Moreover, is there any system completely implement the translation? If there is, may I know what system or which paper may I refer?

2
The example should be corrected. Note that variable y does not appear in the premises of the second rule, although it is used in the head. Datalog is restricted so that all programs terminate. Are you asking about ways to eliminate recursion to obtain (potentially) a single SQL query equivalent, or are you thinking about implementing recursion in a SQL context, which might be possible (with severe limitations) using stored procedures?hardmath
@hardmath: sorry, typo... thx for the correction. Yes, I would like to implement the recursion in SQL, is it possible?zfm
It is possible, but we are likely limited as to the depth of recursion that can be had directly. For example, MS SQL Server 2008 limits the nesting depth of stored procedure calls to 32. It's probably enough to demonstrate a concept but not for production applications. Note that MS SQL Server does allow for calls to external coded (extended stored procedures) in which the nesting of calls is not monitored.hardmath
You might be interested in an indirect approach to the recursion, in which "datalog" rules are applied repeatedly to infer new consequences, and these can be inserted into one or more tables, until no new deductions are possible.hardmath
@hardmath: that's my idea! where the recursivity will be done on the program, not on the SQL... However, this is still so unmanageable for me if there is a nontrivial dependency...zfm

2 Answers

1
votes

If you adopt an approach of "tabling" previous conclusions and forward-chain reasoning on these to infer new conclusions, no recursive "depth" is required.

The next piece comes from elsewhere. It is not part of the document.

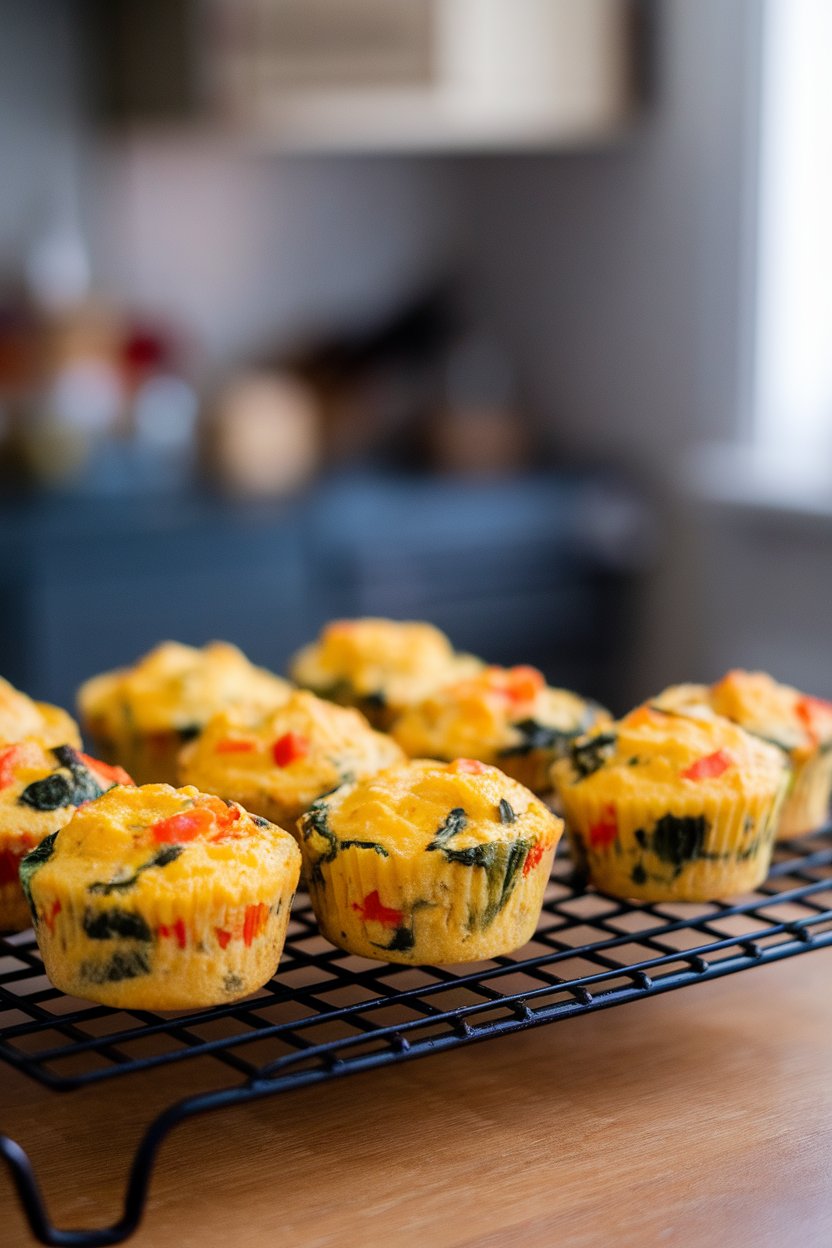 A cooling rack indoors holding several mini egg muffins dotted with peppers and spinach. No text or logos.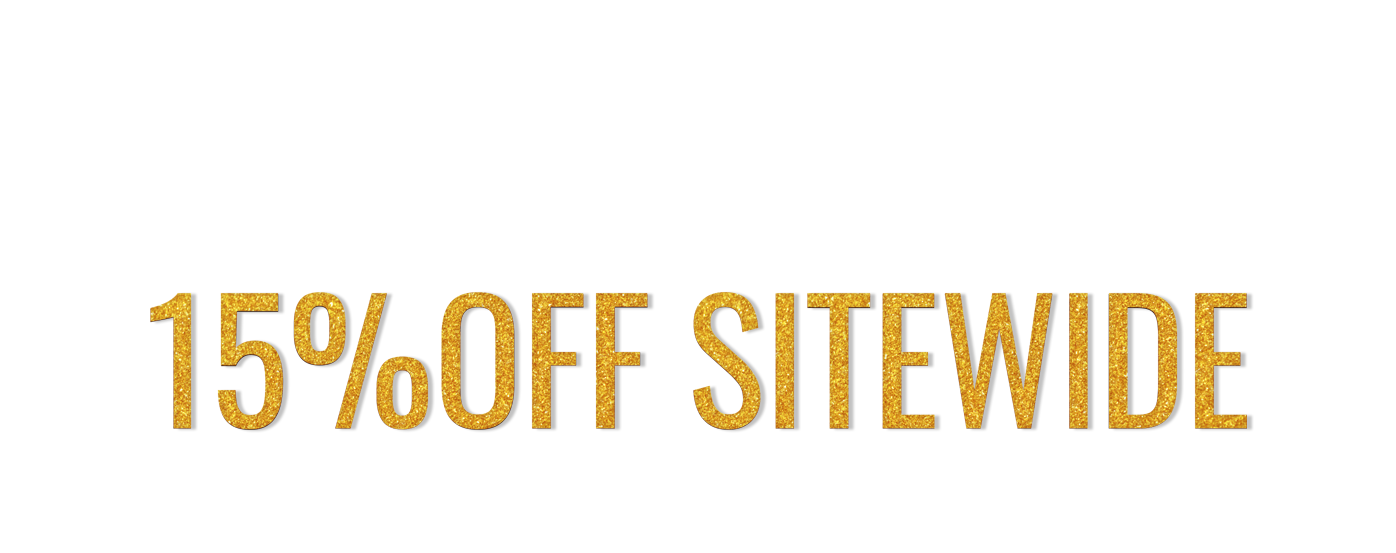 Promotional banner featuring 15% off sitewide, designed with a glittery gold font.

Bear in mind that Datalog requires some restrictions on rules and variable that assure finite termination and hence finitely many conclusions. Variables must have a finite range of possible values, for example.

Let's assume your example refers to constants rather than to variables:

P(x,y) <- Q(x,y).
Q(x,y) <- P(x,z), A(y).

One wrinkle is that you want A/1 to be implemented as an extended stored procedure or external code. For that I would propose tabling all the results of calling A on all possible arguments (finitely many). These are after all among the conclusions (provable statements) of your system.

Once that is done the forward-chaining inference proceeds iteratively rather than recursively. At each step consider each rule, applying it with premises (right-hand sides) that are previously obtained (tabled) conclusions if it produces a new conclusion. If no rule produces a new conclusion in the current step, halt. The proof procedure is complete.

In your example the proofs stop after all the A facts are adduced, because there are no conclusions sufficient to apply either rule to get new conclusions.

0
votes

A possible approach is to use recursive CTEs in SQL, which provide the power of transitive closure. Relational algebra + transitive closure = Datalog.